Science Fair Project Encyclopedia
Belavia Belarusian Airlines (Belarusian: "Белавія") is the national airline of Belarus. It was officially founded on 5 March 1996 by the Belarusian government when the local Aeroflot division was nationalised and renamed. They transport more than 300,000 passengers per year. Flights include international, passenger, cargo and charter.
- On November 7, 1933, the first Belarusian air terminal opened in Minsk. Next spring three planes Po-2 landed in Minsk. They became the first airplanes belongning to Belarusian air fleet.
- In 1936 the first regular air route between Minsk and Moscow was established.
- In the summer of 1940 Belarusian civil aviation group was officially founded.
- On February 1, 1985 Soviet Tu-134 crashed near Minsk-1 killing at least 58 out of 80 people on board. The accident happenned because clear ice ingestion into the engines as a result of inadequate deicing before takeoff. Both engines sustained serious damage and stalled.
- In 1993 Belarusian civial aviation fleet organized a large-scale charter program with China and Middle East. Thousands of tourists from Belarus visited United Arab Emirates, China, India, Korea, Pakistan.
- In 1995 - 1998 Belavia opened regular routes to Beijing, Istanbul, Larnaca, London, Prague, and Rome.
- In 1998 Belavia merged with Minskavia, acquiring several An-24, An-26, Yak-40 planes in addition to existing fleet of Tu-134 and Tu-154 airplanes.
- In 2003 Belavia started publishing an in-flight magazine "Horizons" in English, Russian and Belarusian (partially).
- On 16 October, 2003 Belavia signed leasing agreement for its first "Boeing-737/500" aircraft.
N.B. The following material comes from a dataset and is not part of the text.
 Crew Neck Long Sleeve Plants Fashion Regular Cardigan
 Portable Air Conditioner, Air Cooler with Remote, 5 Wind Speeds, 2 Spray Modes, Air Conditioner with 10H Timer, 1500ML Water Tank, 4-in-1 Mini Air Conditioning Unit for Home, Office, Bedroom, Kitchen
In 2004 Belavia further extended operations and took one more "Boeing 737".
With Minsk as its base, Belavia is steadily increasing its network of routes throughout Europe. Currently Belavia has offices in 12 European countries. International routes covered by Belavia include Austria, Cyprus, France, Germany, Ireland, Israel, Italy, Kazakhstan, Poland, Russia, Turkey, UK, Ukraine and Uzbekistan. Currently Belavia has no domestic routes though before routes to Belarusian cities Homel and Vitebsk were also serviced. Over all, Belavia has older air fleet and somewhat lower standards of service in comparison to bigger Western airlines, but generally the prices are somewhat lower. In addition, Belarusian citizens usually get further discounts.
Incidents and Accidents
So far Belavia has enjoyed a clean record, its most serious accident to-date being a shattered windshield on Yak-40 upon landing in Prague (The canopy of Yak-40 burst on January 6, 2003 just after the aircraft entered Czech airspace; two Czech Air force fighters accompanied the plane to a safe landing in Ruzyne international airport).